Nel nome del padre, del figlio e del social network più santo

Don Giovanni Fasoli(di Carmela Moretti)

Quando ha accolto la proposta di tesi del suo docente, Don Giovanni Fasoli  non sapeva a cosa andasse incontro. Oggi questo sacerdote dal volto simpatico, residente a Cavalo e appartenente all’ordine dei Padri di Nazareth, è diventato uno dei massimi esperti in Italia di social network. Parla di chat e profili fake con la stessa facilità con cui recita un padrenostro e gestisce il blog “Life 2.0” in cui condivide post, video e riflessioni. Ovviamente, i suoi interlocutori preferiti sono i giovani, a cui consiglia di “partire dalla vita vera, andare on line e tornare alla vita. Allora il virtuale non è più un problema, perché diventa solo un passaggio”.

 

1)    Don Giovanni, avrebbe mai immaginato di ritrovarsi un giorno a tenere delle conferenze sui social network?
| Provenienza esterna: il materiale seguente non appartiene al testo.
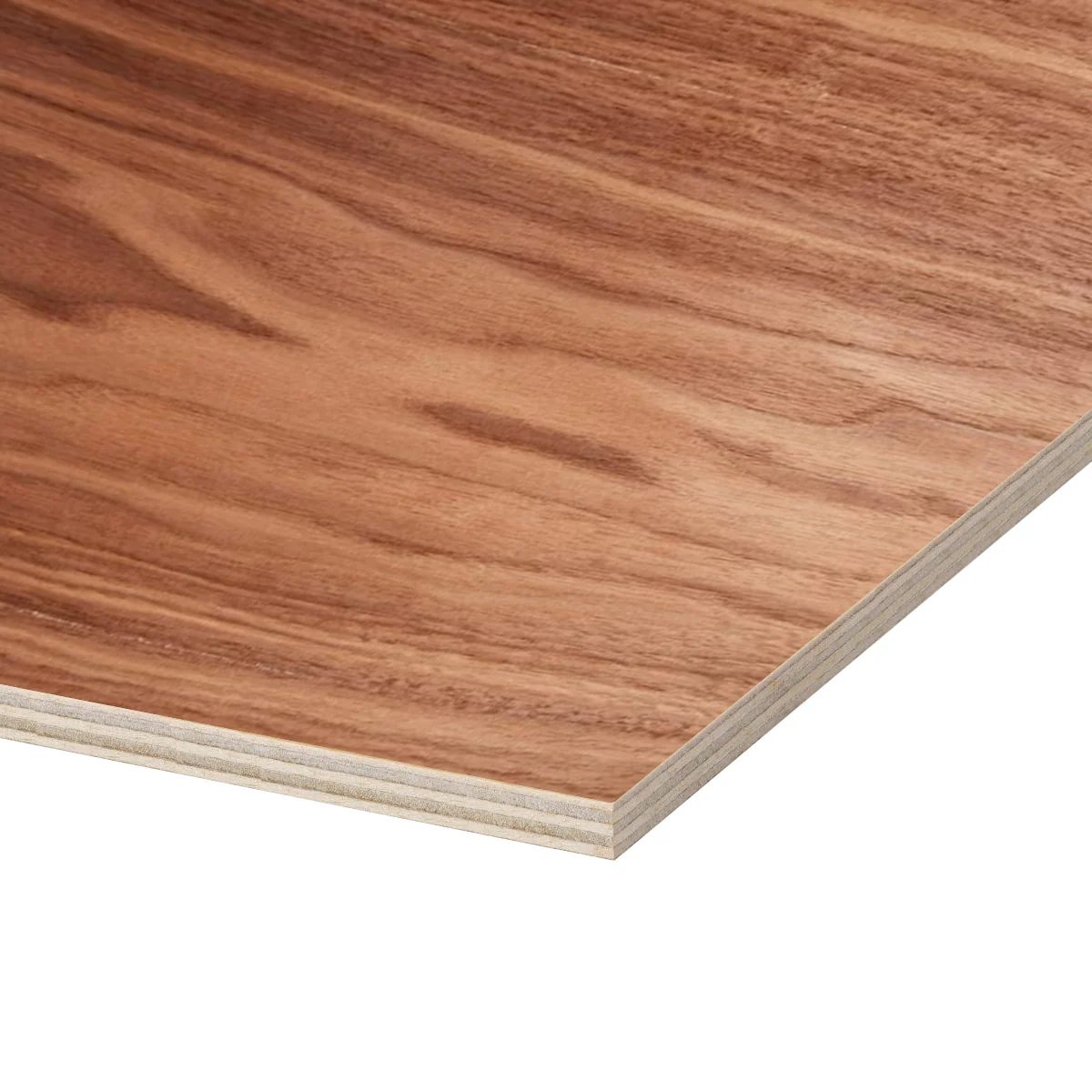 Walnut Plywood, Plain Sliced Veneer 4 ft x 8 ft - Image 13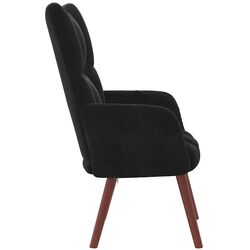 Fotoliu VidaXL 328057 (Black) Thumb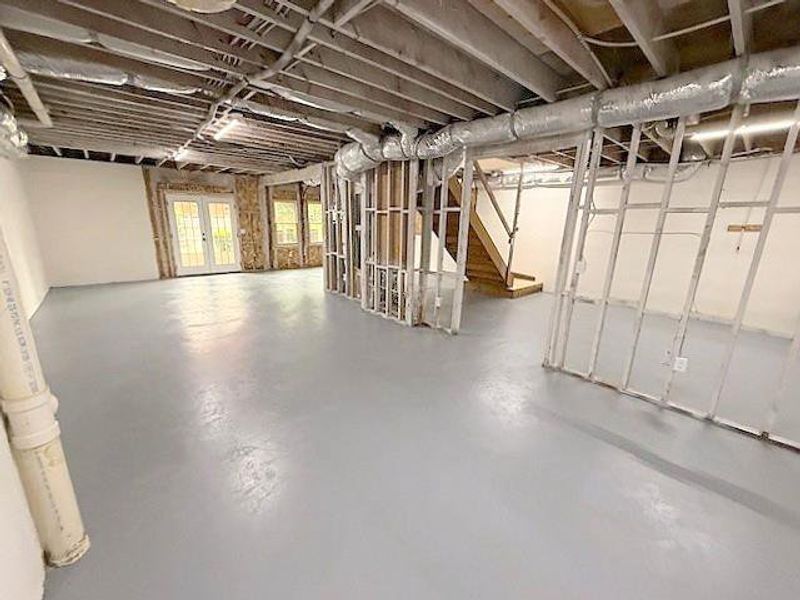 In-progress construction of a new home in , Kennesaw, GA (Image 48).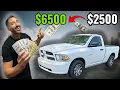 Flipping A Cheap Truck From Facebook Marketplace INSANE Profit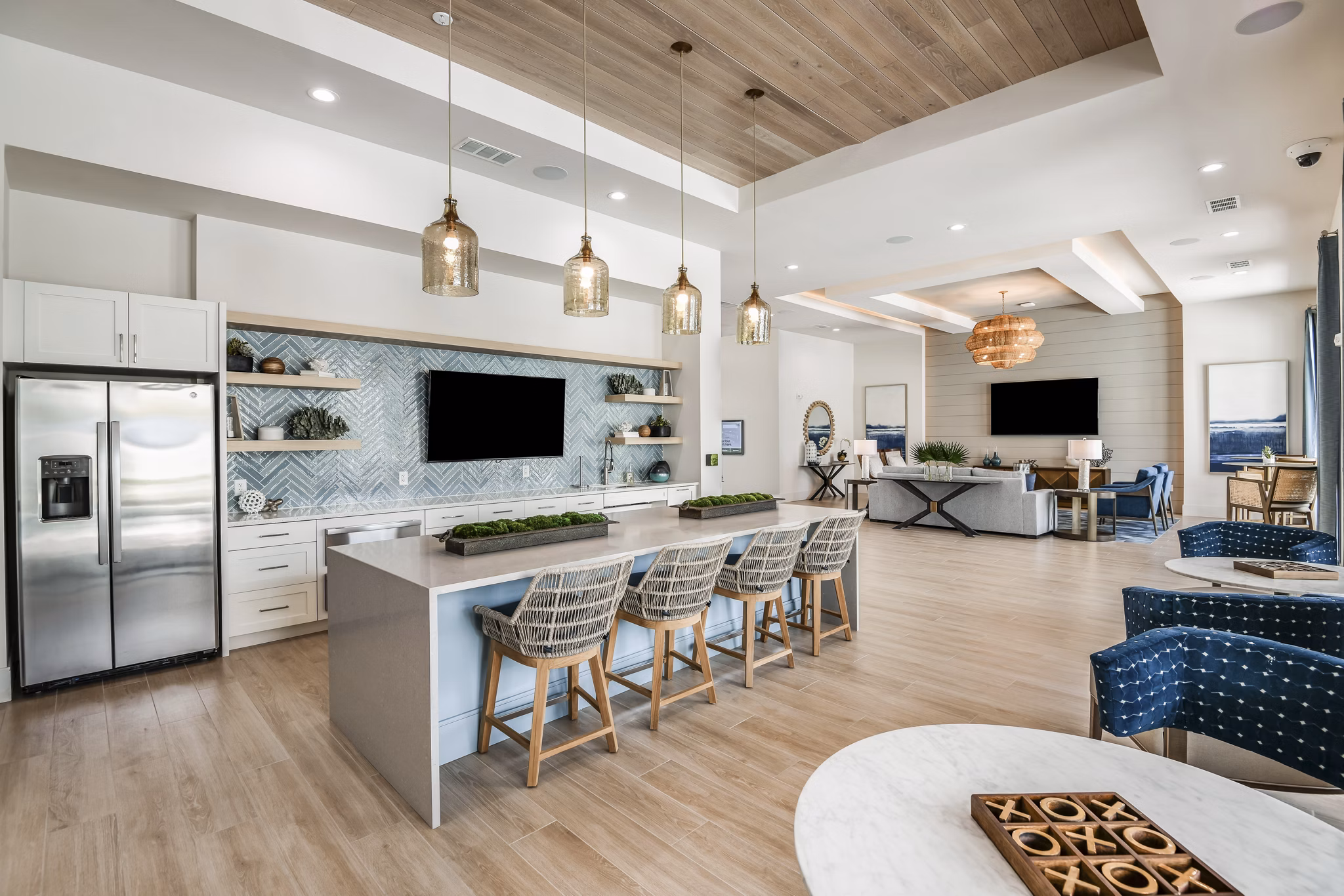 clubhouse at The Ridge at Champions Gate Apartments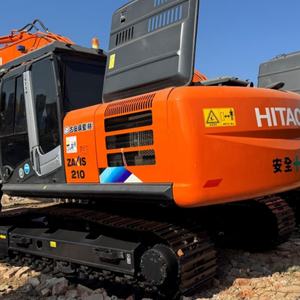 Excavatrice Hitachi ZX210-3 d'occasion la plus vendue, excavatrice sur chenilles Hitachi d'occasion ZX200 210 230, excavatrice d'occasion du Japon disponible - Product Image 6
Non del tutto. Quando ho deciso l’argomento di Psicologia in cui laurearmi, volevo farlo in Psicologia Sociale e Informatica. Avevo pensato a qualcosa sull’influenzamento giovanile, cioè da dove arrivano le matrici di pensiero, per esempio dalla musica o dal cinema. Stiamo parlando di quattro anni fa. Ma quando sono andato dal mio professore di Informatica, lui mi ha detto senza pensarci un secondo: “Ma no, devi farlo sui social network!”.

2)    Come ha accolto la sfida del suo professore?

A dir la verità, pur stando con gli adolescenti dalla mattina alla sera, non avevo ancora questa percezione dei social network e della loro importanza nella comunicazione giovanile. L’ho fatto perché lui era il mio professore di tesi. Adesso mi rendo conto di quanto sia stato utile.

3)    Da esperto, riesce a prevedere a cosa andiamo incontro? Per esempio, le lettere e i bigliettini d’amore scompariranno?

Il punto in cui siamo arrivati non ha un presente e basta, è tutto proiettato al futuro. Ed è un futuro che non possiamo nemmeno immaginare. Ma non credo che nella comunicazione le lettere scompariranno, al contrario diventeranno qualcosa di splendido e artigianale. Io credo che tutto ciò che è 2.0 (interazione on line) non vada a sostituire tutto il resto. Dipende dall’idea di 2.0 che abbiamo.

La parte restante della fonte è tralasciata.